Bessbrook Mill

The first power flax-spinning mill in Ireland was in Bessbrook which subsequently became a substantial town with an estimated population in 1887 of 3,500.

To facilitate it the lake at nearby Camlough was enlarged (a fact already alluded to) and its water used to regulate the stream that supplied power to drive the mills for grinding corn, scutching flax and bleaching linens.

By the mid nineteenth century it was only in a few locations that the old irregular cluster of farm dwellings known as clachans, survive. Instead bogs had been drained, mountain slopes brought into cultivation and farmhouses built down laneways or sited at intervals along the new, straight main roads.

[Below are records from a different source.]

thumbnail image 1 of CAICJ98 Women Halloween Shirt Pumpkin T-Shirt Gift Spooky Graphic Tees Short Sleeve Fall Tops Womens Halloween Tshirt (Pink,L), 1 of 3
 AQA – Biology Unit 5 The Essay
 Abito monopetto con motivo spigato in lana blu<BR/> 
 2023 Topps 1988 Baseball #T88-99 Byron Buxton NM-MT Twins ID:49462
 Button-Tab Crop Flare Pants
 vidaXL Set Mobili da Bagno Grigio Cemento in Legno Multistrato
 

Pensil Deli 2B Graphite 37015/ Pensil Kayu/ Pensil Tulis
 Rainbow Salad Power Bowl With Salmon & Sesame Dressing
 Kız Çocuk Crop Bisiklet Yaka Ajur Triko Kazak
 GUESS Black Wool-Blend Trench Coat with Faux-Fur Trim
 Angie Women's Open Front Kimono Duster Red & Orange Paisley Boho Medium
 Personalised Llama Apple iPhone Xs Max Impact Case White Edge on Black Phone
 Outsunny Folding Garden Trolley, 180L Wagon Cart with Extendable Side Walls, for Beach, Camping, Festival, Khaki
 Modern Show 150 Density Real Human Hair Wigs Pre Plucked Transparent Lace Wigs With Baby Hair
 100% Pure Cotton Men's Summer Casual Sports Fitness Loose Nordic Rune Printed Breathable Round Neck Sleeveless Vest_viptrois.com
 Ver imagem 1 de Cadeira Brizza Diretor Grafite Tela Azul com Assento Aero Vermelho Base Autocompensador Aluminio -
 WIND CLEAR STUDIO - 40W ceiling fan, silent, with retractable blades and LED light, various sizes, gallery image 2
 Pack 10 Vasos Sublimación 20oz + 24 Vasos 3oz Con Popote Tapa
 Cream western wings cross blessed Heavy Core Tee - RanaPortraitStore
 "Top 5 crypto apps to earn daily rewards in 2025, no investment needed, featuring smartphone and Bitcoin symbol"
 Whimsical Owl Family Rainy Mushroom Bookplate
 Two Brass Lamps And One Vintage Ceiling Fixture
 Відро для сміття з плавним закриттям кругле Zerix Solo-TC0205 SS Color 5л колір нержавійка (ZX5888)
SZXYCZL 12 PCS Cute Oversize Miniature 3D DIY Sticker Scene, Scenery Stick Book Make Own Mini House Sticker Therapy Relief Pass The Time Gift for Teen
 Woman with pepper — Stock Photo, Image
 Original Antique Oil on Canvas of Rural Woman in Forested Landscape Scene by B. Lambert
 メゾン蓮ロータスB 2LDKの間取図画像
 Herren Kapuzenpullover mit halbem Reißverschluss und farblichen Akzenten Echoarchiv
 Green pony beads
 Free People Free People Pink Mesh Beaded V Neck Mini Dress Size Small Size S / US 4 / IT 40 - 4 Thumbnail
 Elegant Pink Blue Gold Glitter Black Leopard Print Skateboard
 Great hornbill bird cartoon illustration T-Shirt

The clachans (e.g. at Clontygora, Cornamuchlagh, Ballynamadda, Lislea and Pollynagrasta) may have represented elements of the Pre-Plantation settlement pattern and in general they were located alongside the older roads which followed spring lines along the lower hill slopes: here farming communities could have benefited from rough pasture on the hills and cultivated land in the valley bottoms.

In contrast, the large houses of the landlords set within wooded estates, parklands and gardens, represented the new features of the 19th century landscape. Examples are numerous but in our area we might name Heath Hall in Ballymacdermott townland, Killeavy Castle and Halls’ Narrow Water Castle.